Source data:

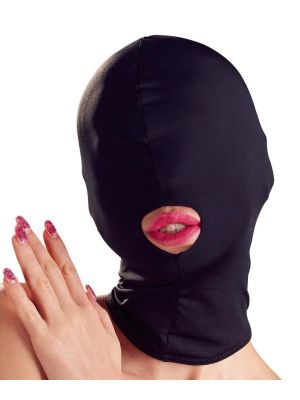 Head mask mouth black BK - image 2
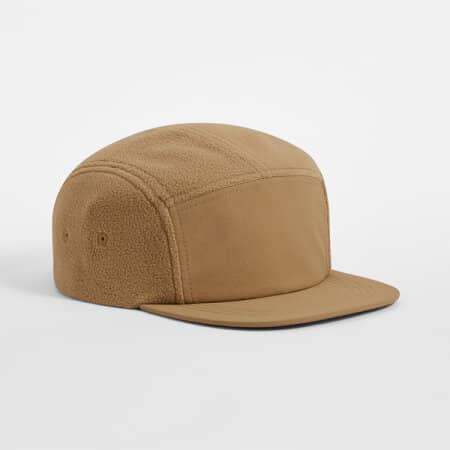 Beechfield Recycled Fleece Outdoor Camper Cap 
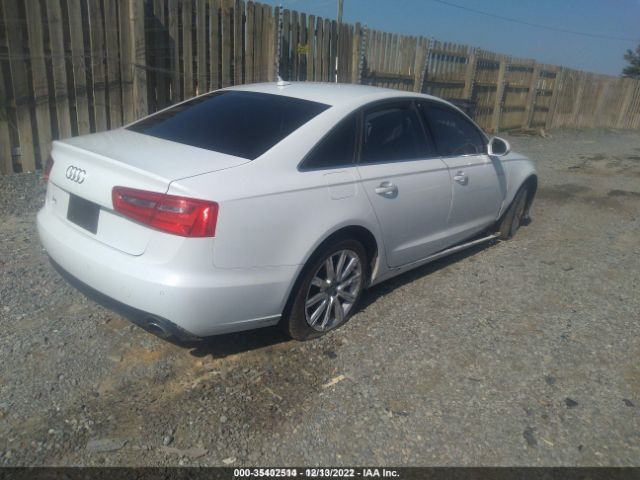 Photo 3 VIN: WAUGFAFC4DN025610 - AUDI A6 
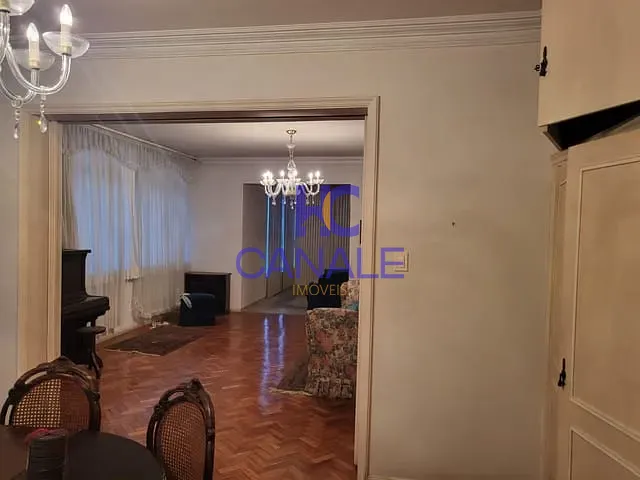 Apartamento com 217m² 3 quartos e 4 banheiros, à venda, no bairro Copacabana em Rio de Janeiro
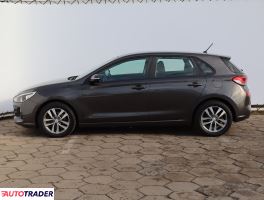 Hyundai i30 2017 1.4 97 KM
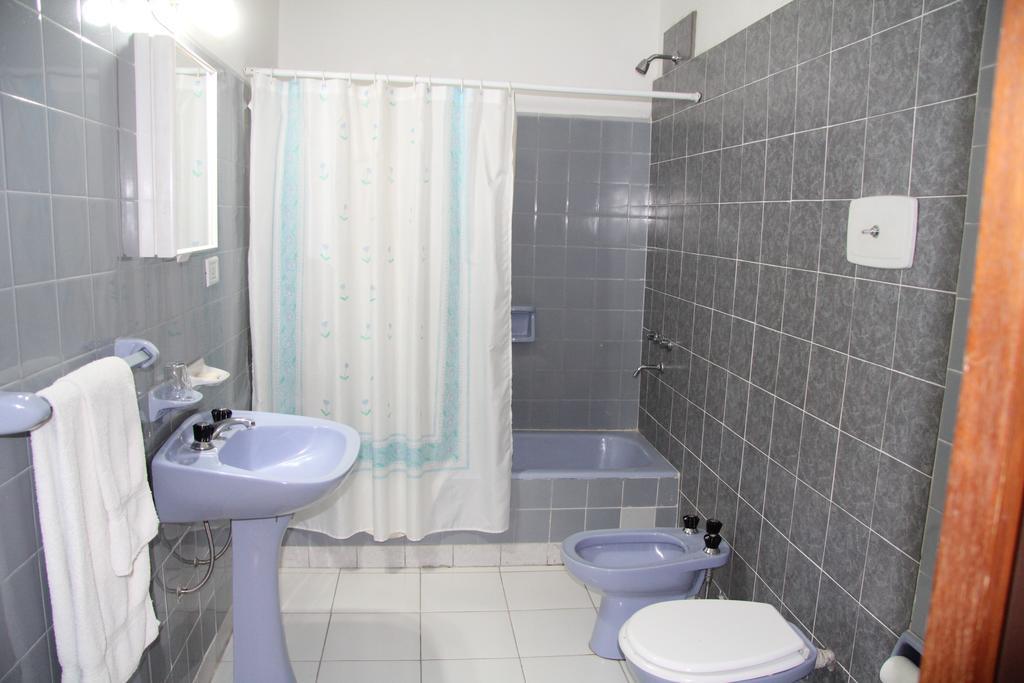 Hotel Touring Club Trelew Eksteriør billede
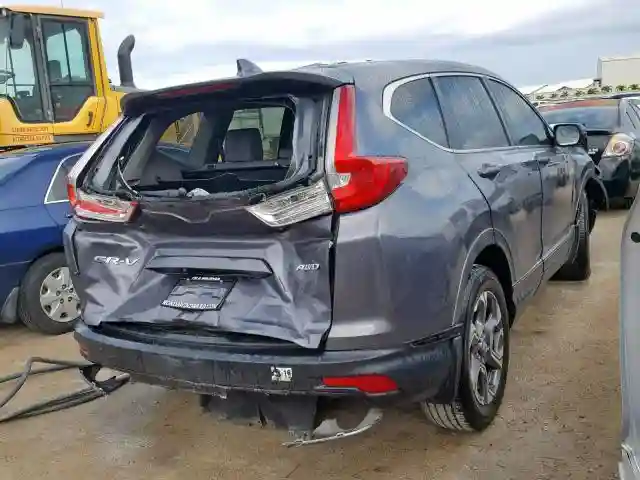 5J6RW2H87HL001517 2017 HONDA CR-V EXL-3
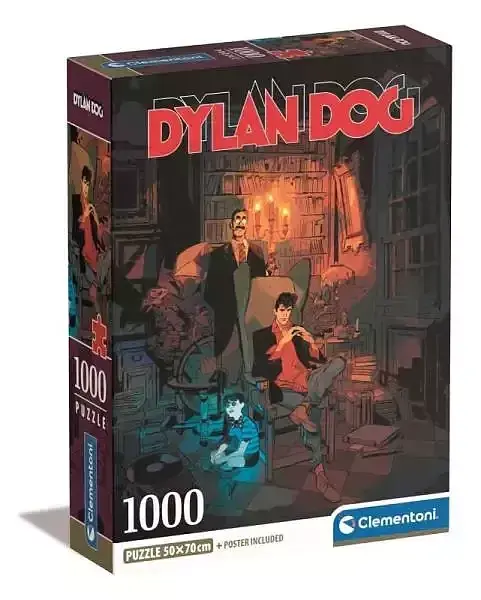 Puzzle 1000 Dylan dog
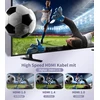 Sweguard 4k Hdmi 3 metrų kabelis, Hdmi 2.0 į Hdmi kabelis 4k @ 60hz 18gbps, nailono pynės kabelis, paauksuotos jungtys su Ethernet/audio Return Channel, suderinamas video 4k Uhd 2160p, Hd 1080p, XBOX Ps4 (pilkas)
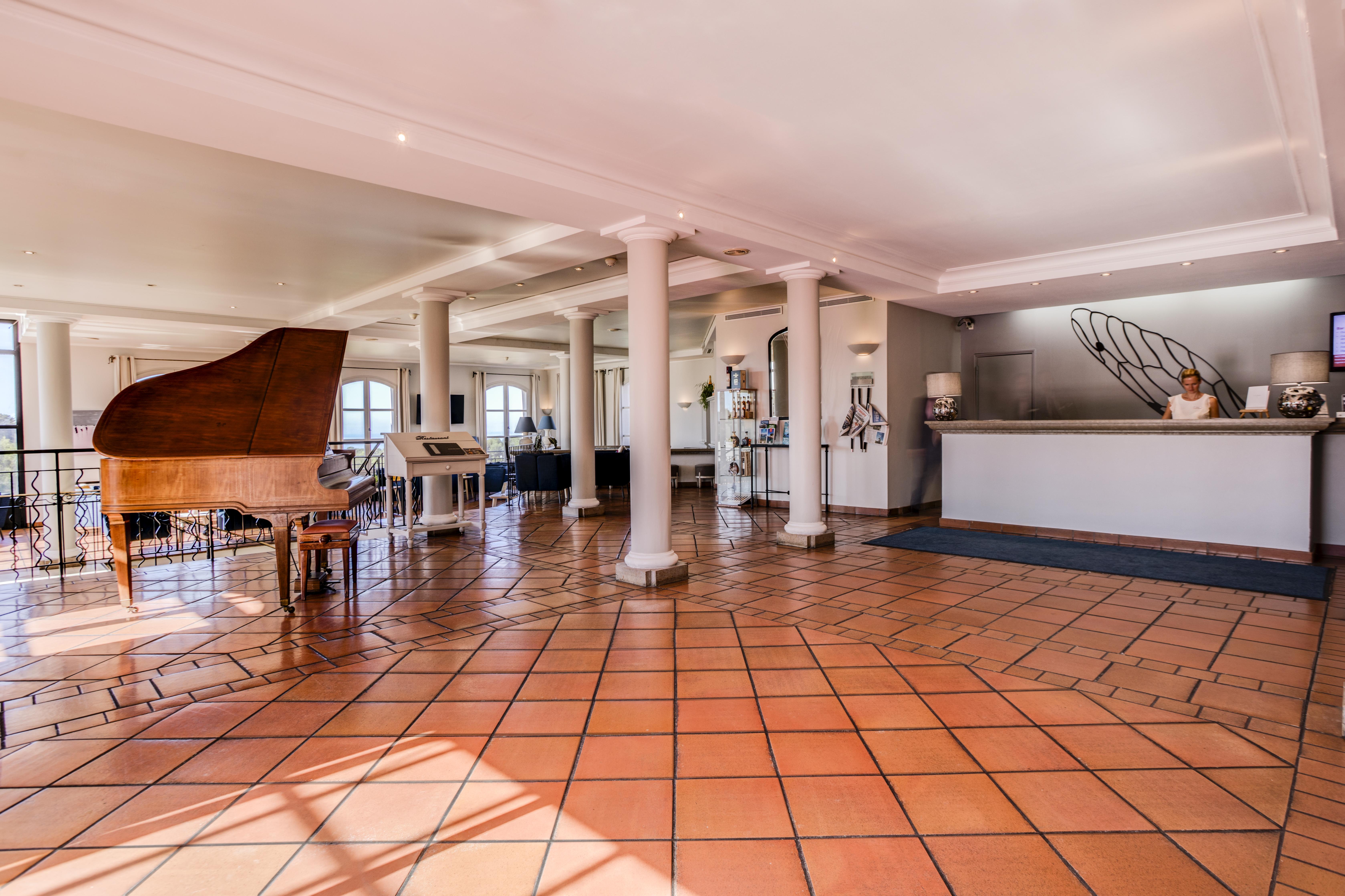 Hotel Le Fregate Provence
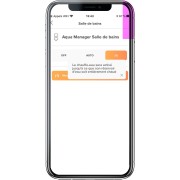 Aqua Manager 2 ECS connectée INTUIS M090041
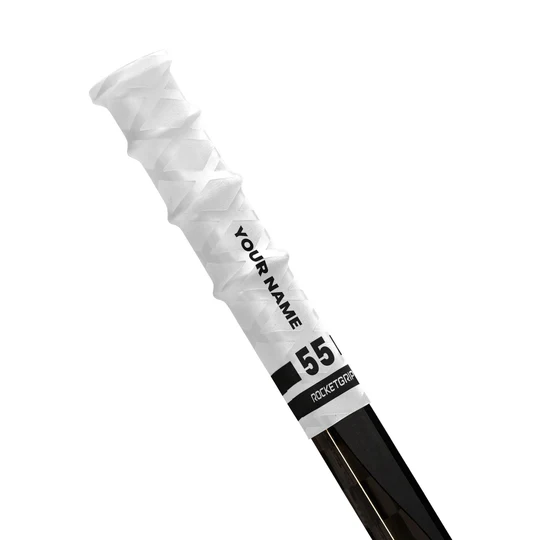 Color Rubber Hockey Grips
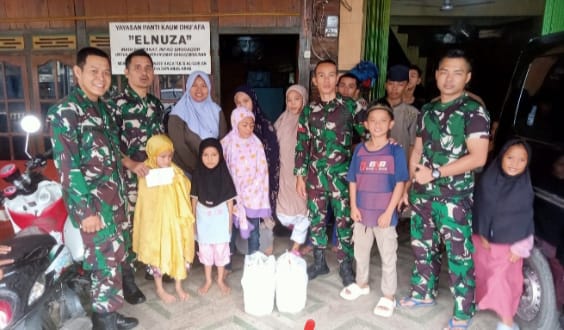 Jelang Berbuka Puasa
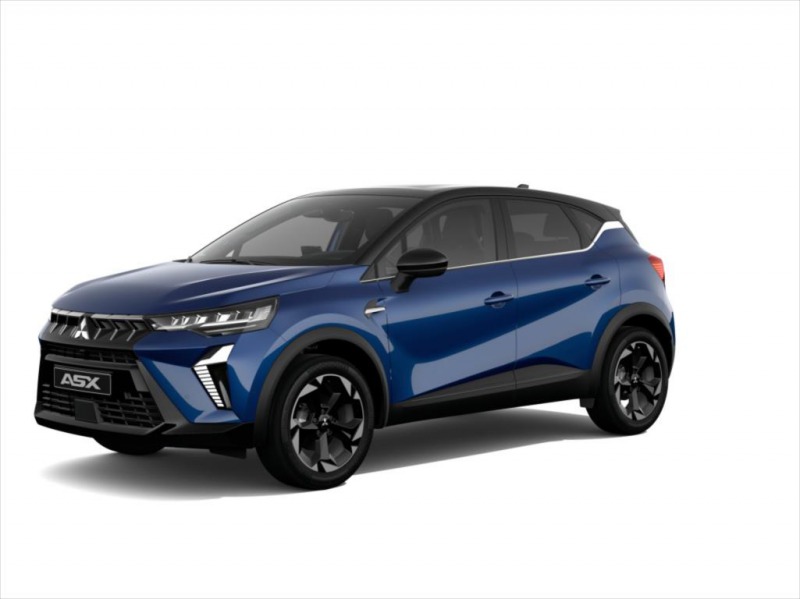 Mitsubishi ASX 1.3 6MT MILD-HB LIMITED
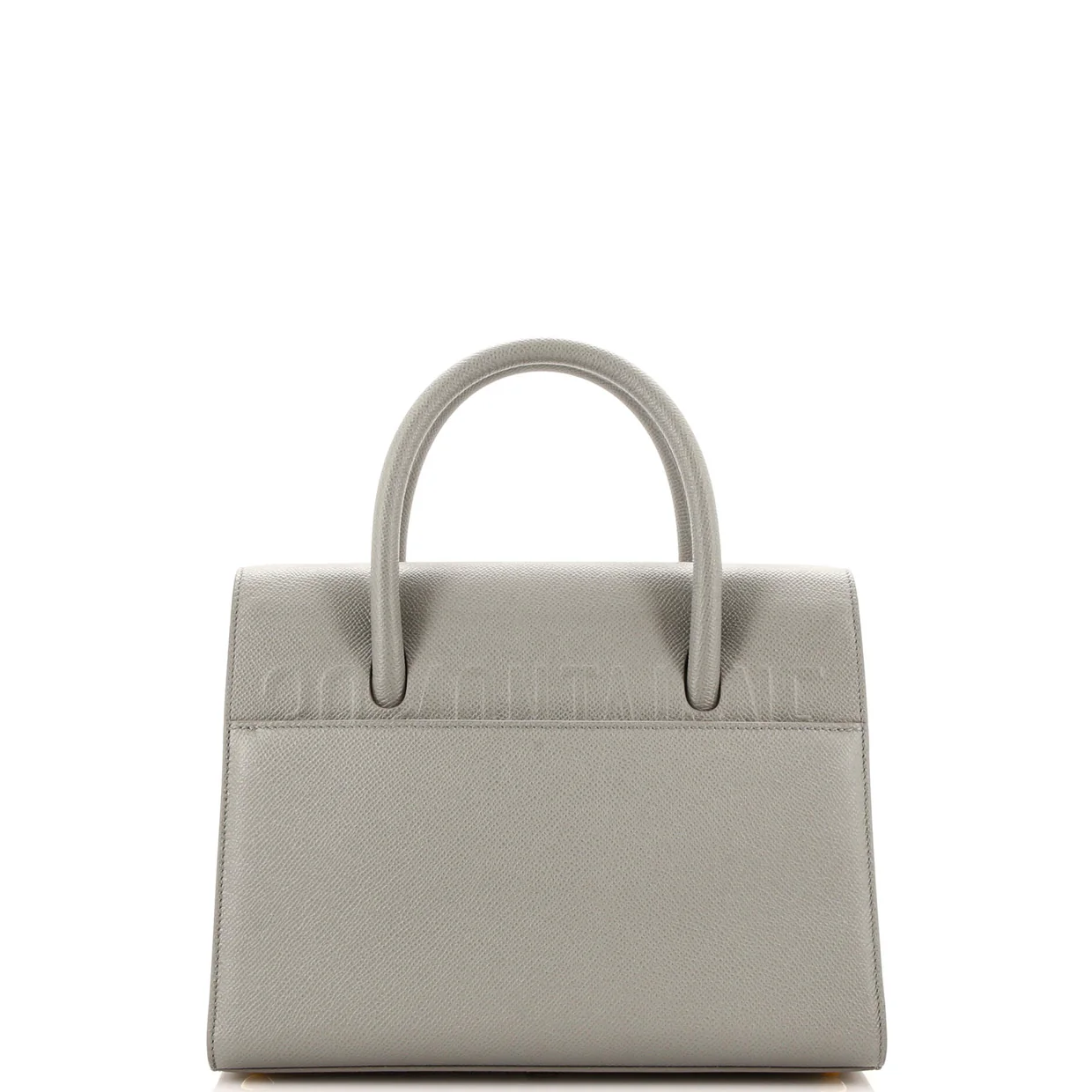 St Honore Tote Leather Medium - Deep Luxury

# [Exercise requirements]
Give back word for word the lines from the one containing "Jelang Berbuka Puasa" through the final line of the data above. Pictures are to be left out.

# [Expected output]
 Jelang Berbuka Puasa
 Mitsubishi ASX 1.3 6MT MILD-HB LIMITED
 St Honore Tote Leather Medium - Deep Luxury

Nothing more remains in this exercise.